Connecting the Dots.....

Anyone who has been involved with the geospatial industry can undeniably say, drones have impacted the way they work. Whether it is photogrammetry used for measuring a stockpile or LiDAR for measuring the surface in vegetated areas; these tools have lowered the barrier to entry for geospatial professionals. Before drones, for these types of projects, there were often two approaches: survey boots on the ground, or remote sensing from manned aircraft. Both still have their place and are widely used, but drones have found a niche that existed somewhere in-between. The products we create with these systems are familiar to geospatial professionals. Orthophotography like the backgrounds in google maps, Contours to display terrain, or CAD drawings to show the parcels of a new subdivision. The challenge for professionals has become selecting the right hardware and software to build these familiar products and learning the new toolset.  For some, this has been disruptive, for others, it is a natural progression.
While the impact of drones is undeniable for geospatial professionals, the truth is that we are still approaching old problems in a similar way. Drones give us the opportunity to completely reinvent our tactic. We have an opportunity to view these as an edge device in part of a more complex ecosystem of technologies.  In a connected world, we need to learn how we can change our workflows to take full advantage of the tools we now have. Tools like drones, augmented reality, 5G, cloud processing, and machine learning give us the opportunity to rethink our approach. To optimize these geospatial technologies, we need to start connecting the dots to create fully integrate workflows that empower people to work smarter.

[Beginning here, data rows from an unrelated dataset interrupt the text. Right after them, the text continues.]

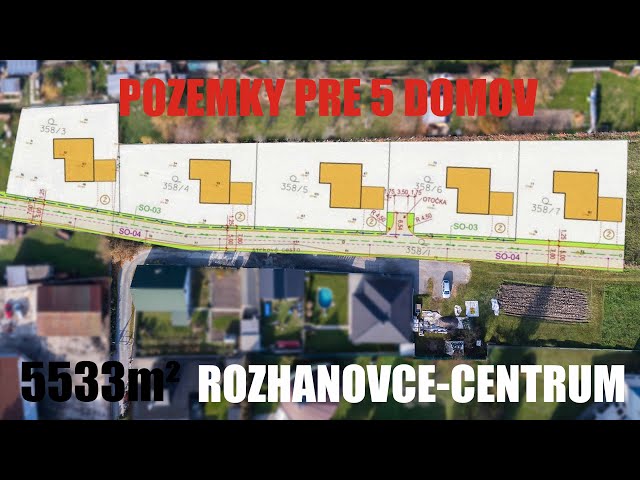 Pozemky pre výstavbu 5 rodinných domov, Rozhanoce, centrum obce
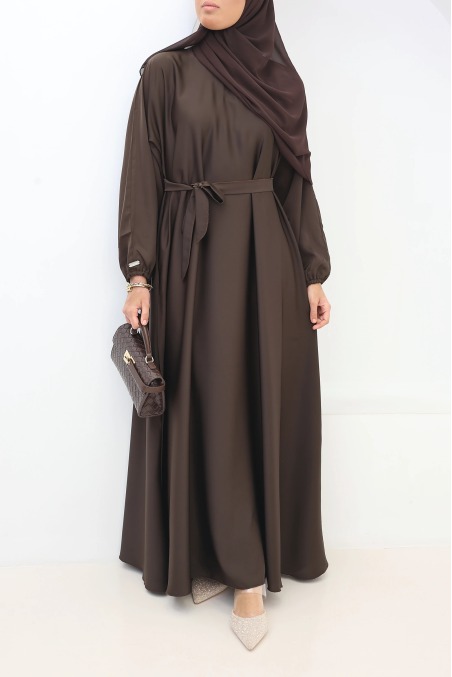 Abaya Dubaï satin Salma Chocolat | Neyssa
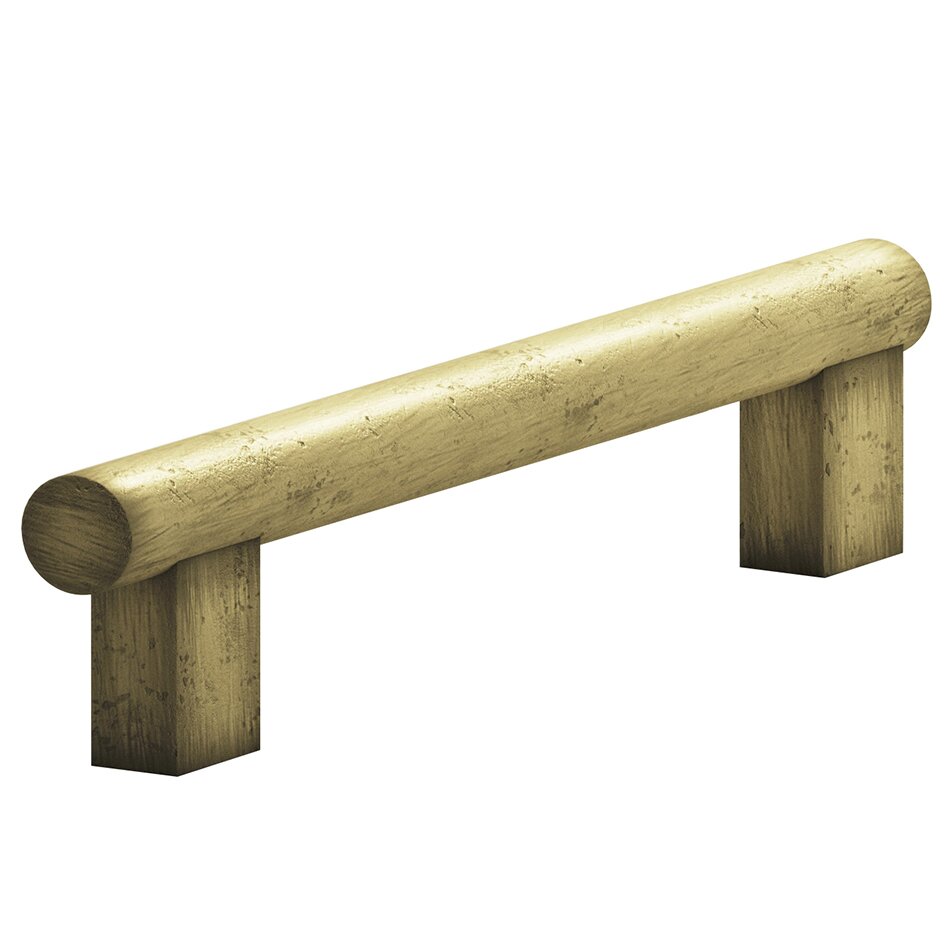 3" Centers Rectangular Post Bar Pull in Distressed Antique Brass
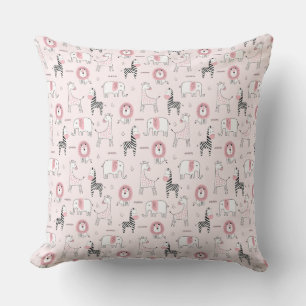 Pink Elephant Lion, Zebra Zoo Animals Beach Ocean Throw Pillow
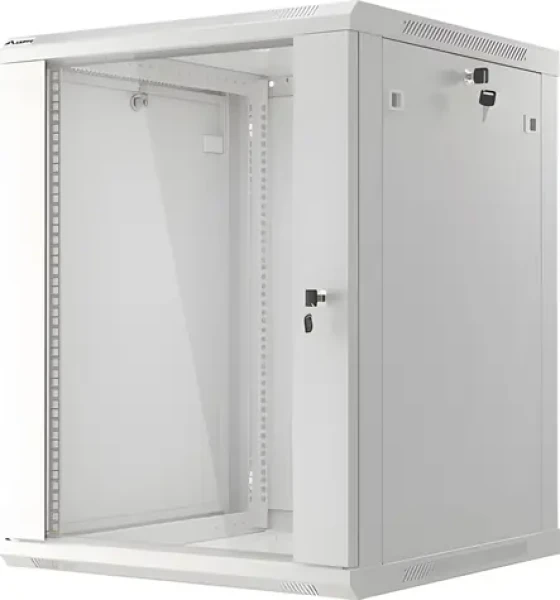 Lanberg WF01-6615-10S sivá / Nástenný rozvádzač 19" / 15U / 600×600 mm / presklené dvere / flat pack (WF01-6615-10S)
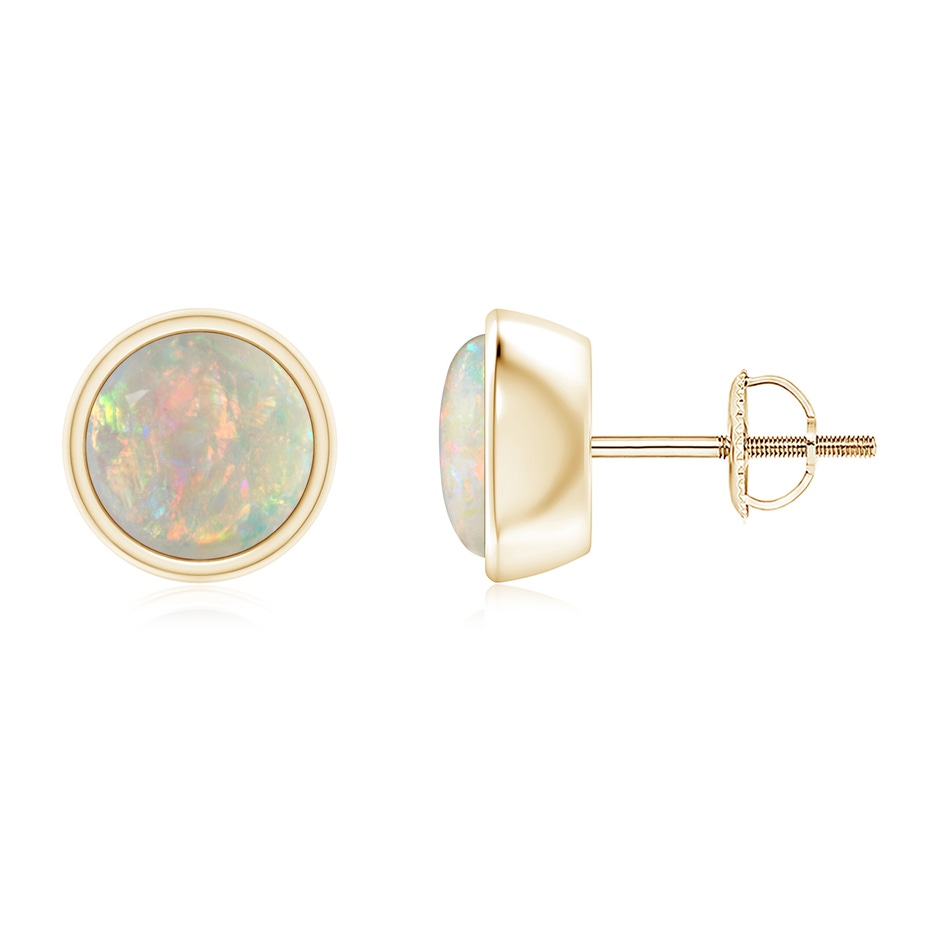 7mm AAAA Bezel-Set Round Cabochon Opal Stud Earrings in Yellow Gold 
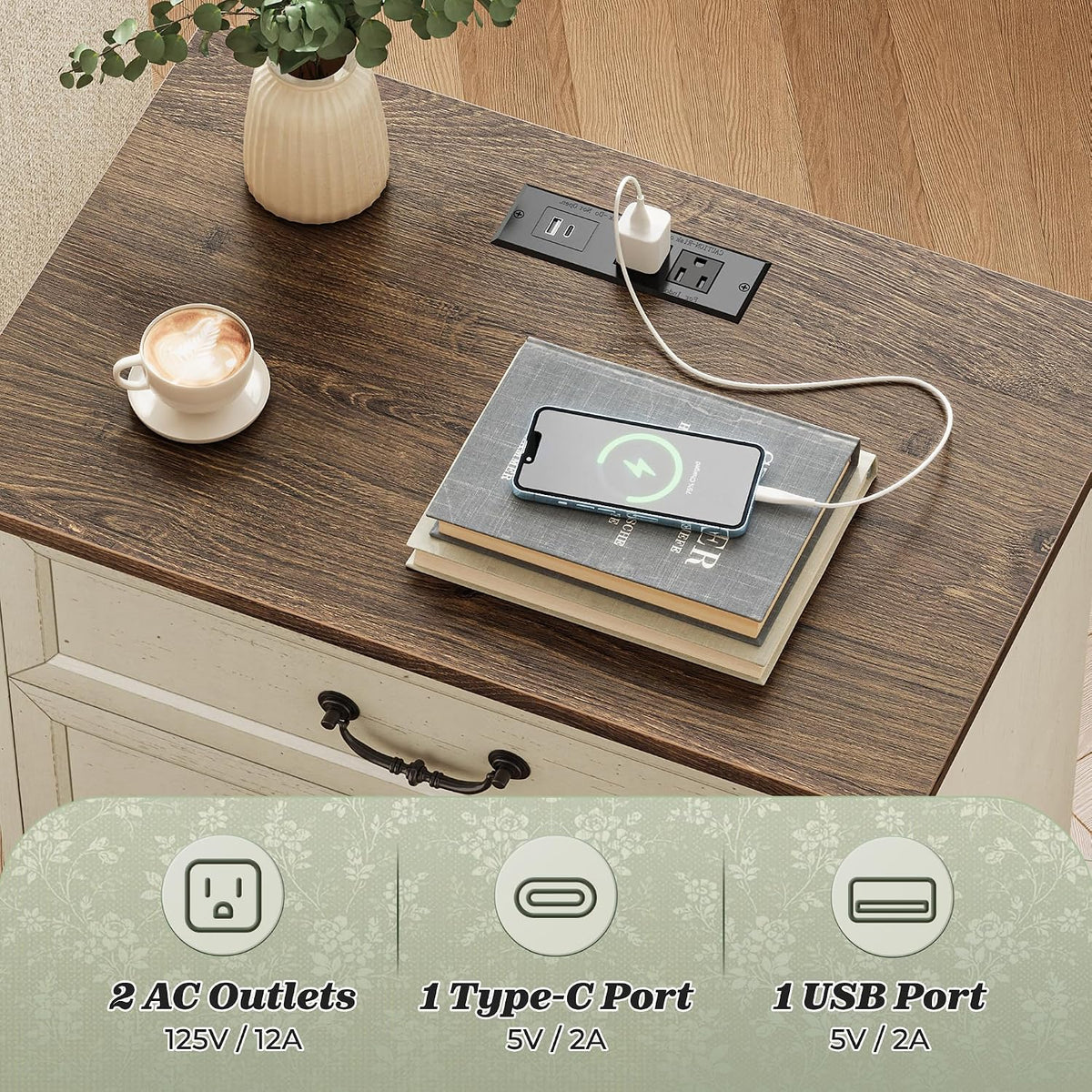 Huuger Nightstand with Charging Station, 3 Drawer Night Stand Set of 2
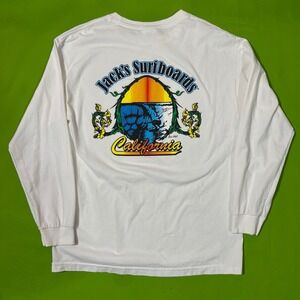 Large Jacks Surfboards California Long Sleeve Shirt White Graphic Tee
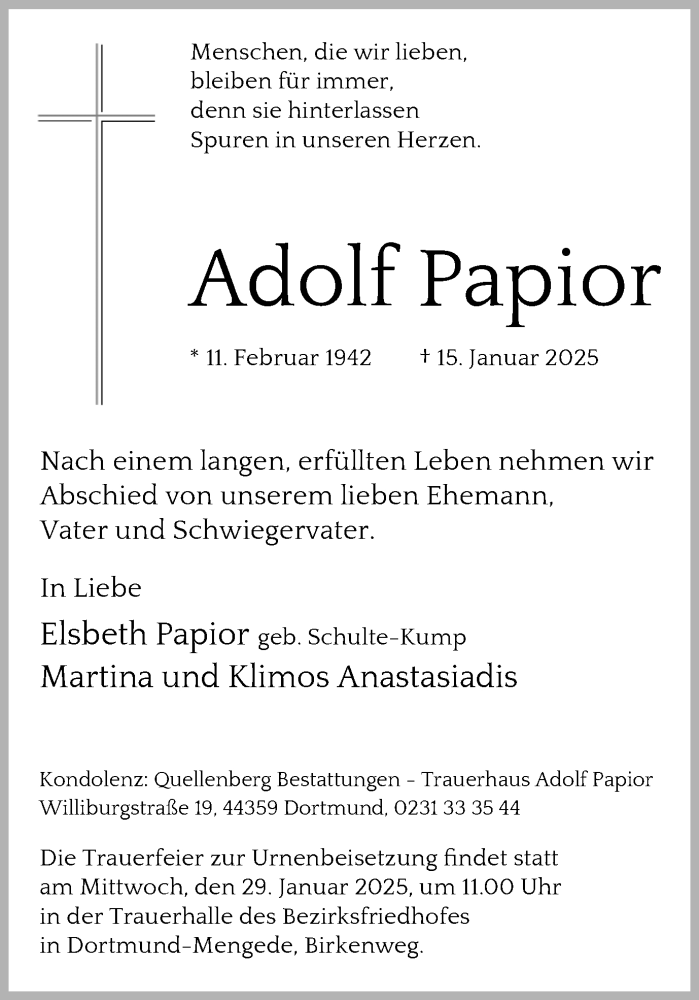  Traueranzeige für Adolf Papior vom 25.01.2025 aus Ruhr Nachrichten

​Creating meaning from drone data

We need to first start with the types of drone datasets we are talking about. Specifically, unstructured geospatial data. To understand unstructured data, we need to define structured geospatial data. Structured geospatial data has a standardized way to relate it to the real world. This means the user can understand where in the world it is, what measurement units are being used, and at what scale and projection it is representing the location. For example, a map can contain a combination of lines for roads (vectors), elevation information (TINs), and orthophotography for a background map (rasters). All three examples have a well-defined structure that includes all the information you need to understand its location in the world. This allows us to have a common way to relate other information as needed.
Unstructured data on the other hand does not contain these characteristics. A still frame picture by itself is not great for geospatial processing. It lacks a lot of important information such as how the camera lens distorts the objects in the scene (internal orientation) and where and at what angle it was taken (external orientation). With drones, we can add this information but even then, it’s difficult for an algorithm to answer the two most important questions about still imagery which is: what it is and why is it important. To answer these questions, we need to give it more context, a relationship with our structured data.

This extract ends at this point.